Inven­teur de chi­mères, il mon­tra les infor­tunes que le monde subis­sait et conti­nue de subir — et ce n’est peut être que le com­men­ce­ment de la fin. Fai­sant, comme il l’écrit, “de l’écriture poli­tique un art véri­table”, Orwell fut un homme et un inven­teur aussi intel­li­gent que libre. Il s’affronta à toutes les idéo­lo­gies nau­séa­bondes qui avi­lissent l’humain.
D’où son com­bat inces­sant contre les men­songes et les crimes sta­li­niens.. Et ce, par­ti­cu­liè­re­ment à tra­vers ses deux der­niers romans qui ont fait sa gloire : une allé­go­rie ani­ma­lière et la dys­to­pie dégui­sée en farce tra­gique. Elles forment le dip­tyque majeur contre la bar­ba­rie du totalitarisme.
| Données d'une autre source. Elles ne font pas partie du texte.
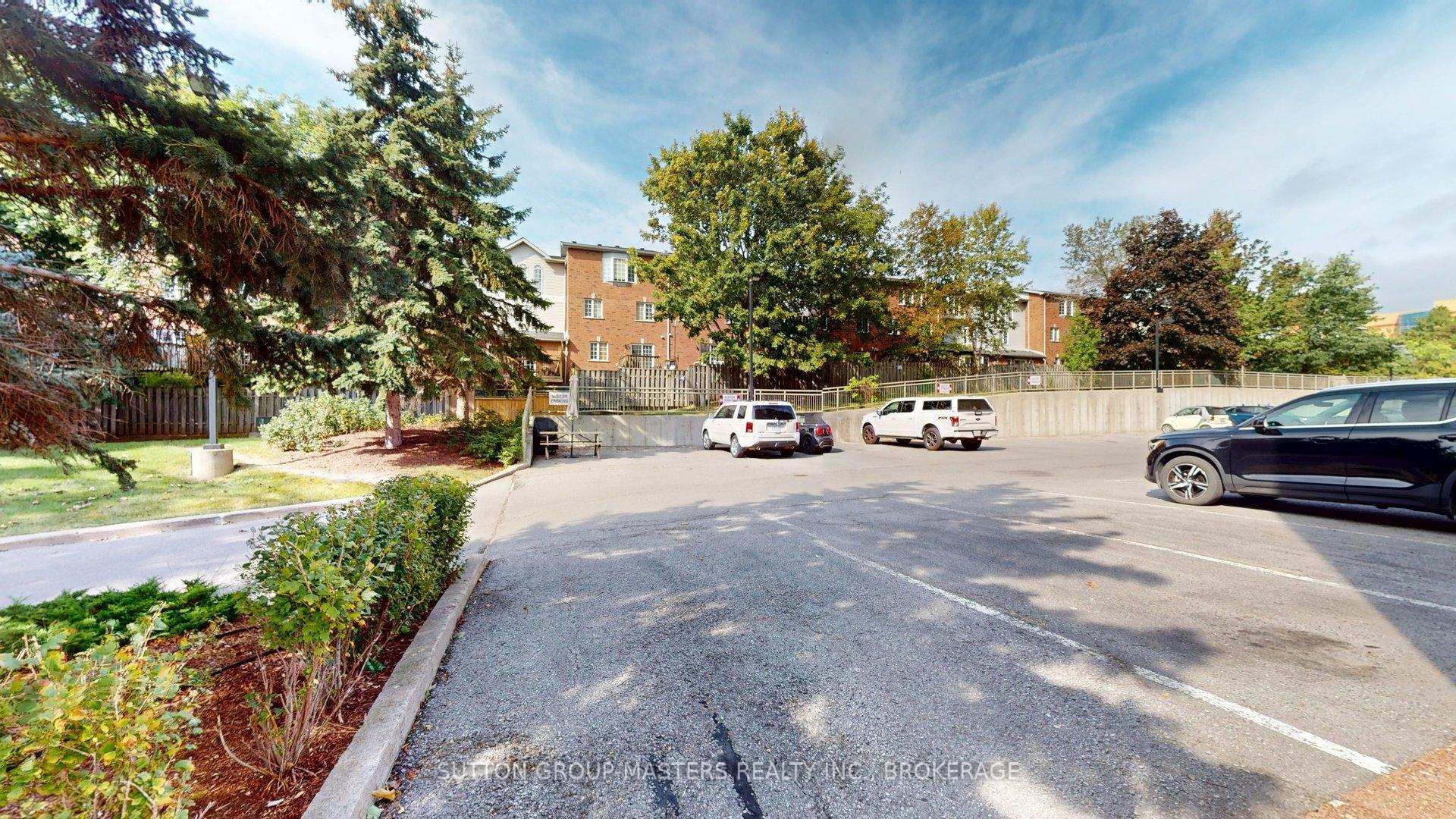 Photo 24 of Unit 101, 350 Wellington Street, Kingston, East of Sir John A. Blvd — HOMEH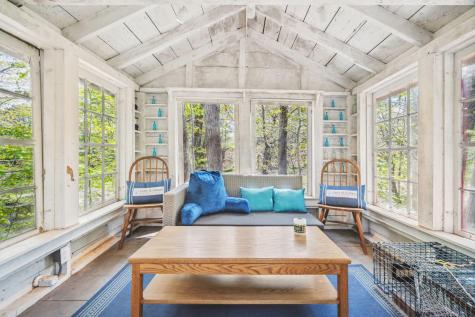 70 Cider Hill Road York ME 03909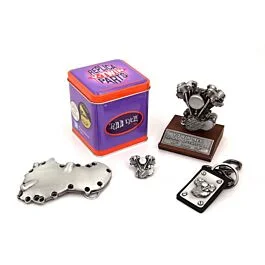 ksmotorcycles-2202610191816361319352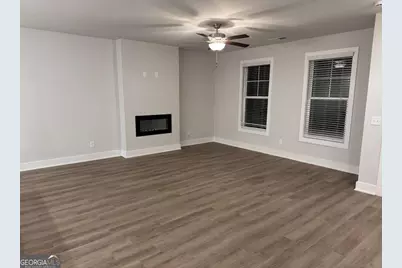 2554 Harbor Ridge Pass #339, Gainesville, GA 30507 - Photo 9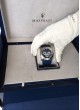 bvlgari-octo-maserati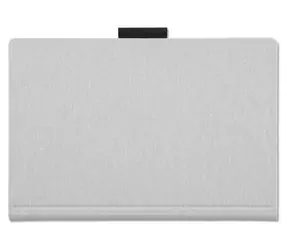 Wacom MovinkPad Pro 14 Cover / Ochranné púzdro / pre Wacom MovinkPad Pro 14 / s držiakom pera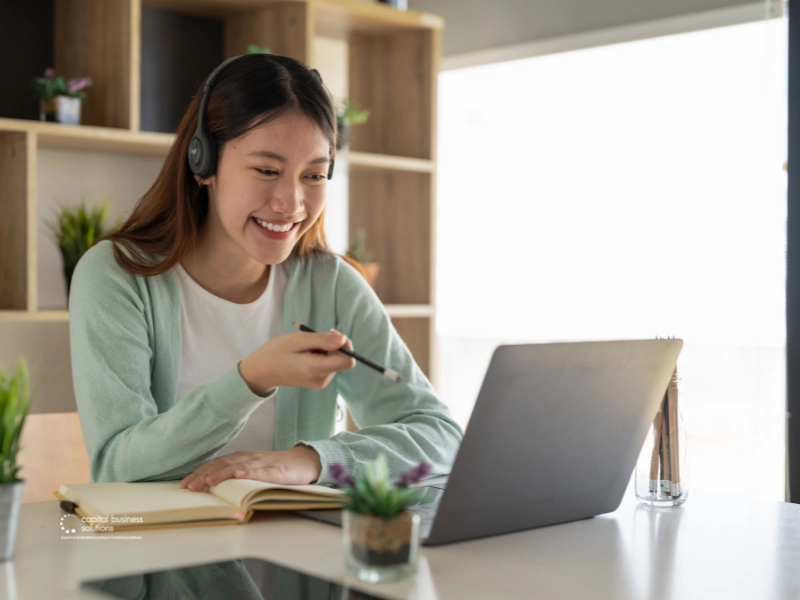Financial Edge NXT Training Solutions for Nonprofits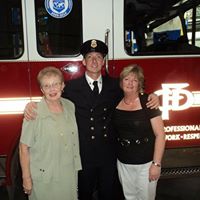 Chris Ganz Photo 21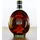 Vecchia Romagna Etichetta Nera 38 % vol 0,7 l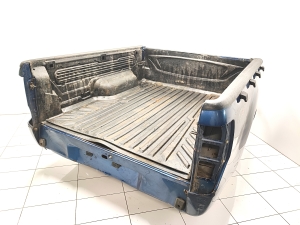 Carrosserie - 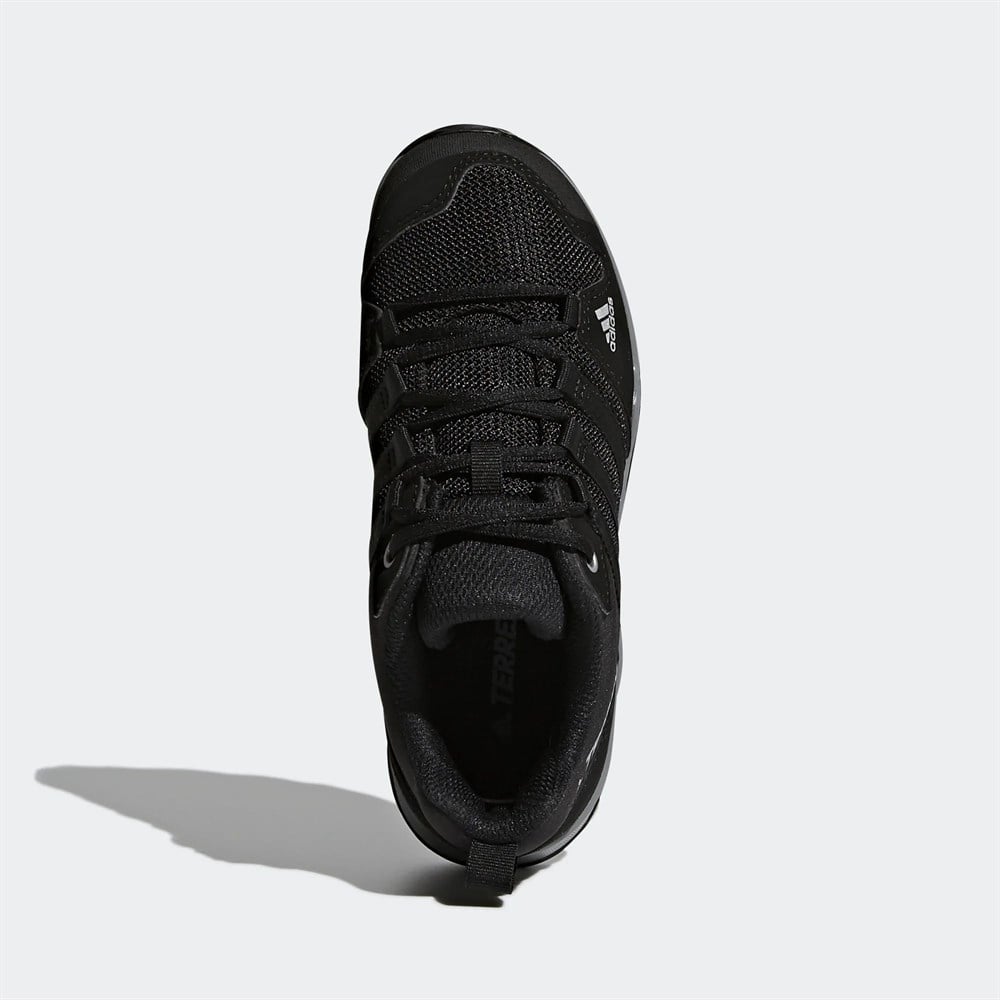 adidas Terrex Ax2r K Outdoor Ayakkabı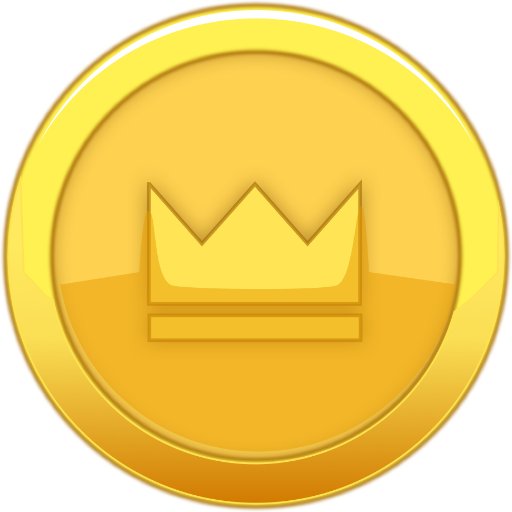 We are crypto enthusiast that enjoy’s the roller coaster. Our goal is to provide insights to the market as well as analysis to Altcoins.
Mais ses articles, ses essais, ses récits-reportages, ses romans lui per­mirent aussi de faire par­ta­ger sa vision et ses refus. Tous ses écrits sont ali­men­tés par ses propres enga­ge­ments. Il démis­sionna de son poste de fonc­tion­naire de la Police impé­riale des Indes : “En Bir­ma­nie” pré­sent dans ce livre l’explique. “Dans la dèche à Paris et à Londres”, il prend le parti des indi­gents comme celui des per­dants tra­his par leur propre camp lors la guerre d’Espagne dans “Hom­mage à la Cata­logne”.
Certes, 1984 écrase le reste. D’autant qu’Orwell a eu le génie d’y mettre en jeu la “nov­langue” — appe­lée désor­mais le “néo­parle” — créée pour éra­di­quer toutes les pensées.

Les textes de ce volume ont été retra­duits pour épou­ser au plus près la rugo­sité et la “furor” d’une prose qui fait de l’auteur un monu­ment de la lit­té­ra­ture du XXème siècle. Le sar­do­nique retrouve une jeu­nesse et une force cor­ro­sive qui n’ont bougé en rien. Par sa liberté d’écriture, Orwell fut et reste un vision­naire propre à cas­ser les idéo­lo­gies obs­cures et mor­ti­fères.
L’Anglais n’écrivit que pour réveiller les consciences. Il vou­lut trans­mettre des idées sub­ver­sives pour don­ner une com­pré­hen­sion plus pro­fonde des ani­maux humains sou­mis aux abîmes des maîtres et le néant qui se cache der­rière. A ce titre, 1984 reste un som­met. Celui d’un an 01 mais à l’envers.

jean-paul gavard-perret

George Orwell, Oeuvres, Edi­tion de Phi­lippe Jaworski, trad. de l’anglais par Véro­nique Béghain, Marc Ché­ne­tier, Phi­lippe Jaworski, Patrice Repus­seau, Biblio­thèque de la Pléiade, Gal­li­mard, Paris, 2020.